5. What happens to traditional investors?

As an experienced angel and VC investor, I would not be eager to follow crowdfunded investors into a company. However, I can imagine a scenario that works in reverse. I could be part of a professional investment round by my angel group and we could later use the crowd to generate more capital.

Still, it is likely we would design the crowdfunding to be in segregated, non-voting shares with no rights to dividends and no liquidation preferences. Therefore, crowdfunded shares would be subject to drag-along provisions – first to be diluted and last to be paid out in any eventual liquidity event.

All this does not sit well with the ethics and character of angel investing principles and undermines the likelihood of success. Therefore, I am encouraged to avoid crowdfunding.

6. Is crowdfunding a tool for entrepreneurs or investors?

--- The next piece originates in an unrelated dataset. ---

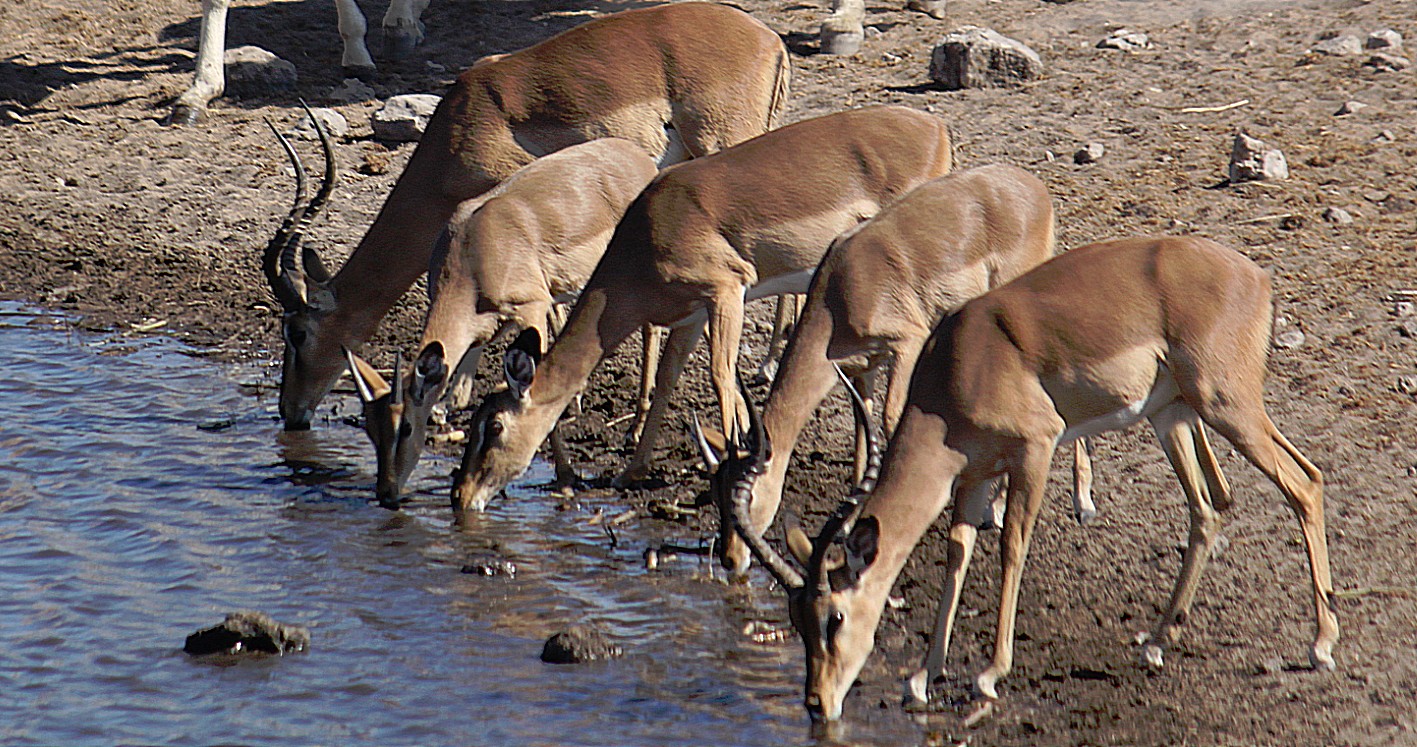 Namibie_Etosha4_2015_Img0105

Like so many markets on the web, it is for both. However, it is the investors who are most likely to be repeat and sustained users; it is the investors who will take the bigger risks; and it is the investors who will pay for the service. So it should be the investors who should have the strongest voice in designing the system and its regulation.

7. How do we regulate crowdfunding?

Entrepreneurs, investors and regulators need to be educated to make sure they fully understand this risky asset class. Professional investors must learn how to incorporate the crowd into the shareholder mix without being burdened by compliance regimes of a listed company. Also, regulators need to find a way to keep out criminal elements. What happens if the Russian mafia and Nigerian widows can use a legalised platform to raise money from gullible masses?

The challenge of crowdfunding for equity is to get it as right as possible at the outset. It will require patience, lots of discussion and consultations, experimentation in controlled circumstances and a willingness to move swiftly to avoid major disasters. The last thing we want is to rush to market with lax regulation and then face knee-jerk responses from ill-informed politicians when things go wrong.

Jordan Green is an international speaker and thought leader in early-stage investing, adviser to governments developing angel ecosystems, serial entrepreneur, VC and a leader of the Australian angel community.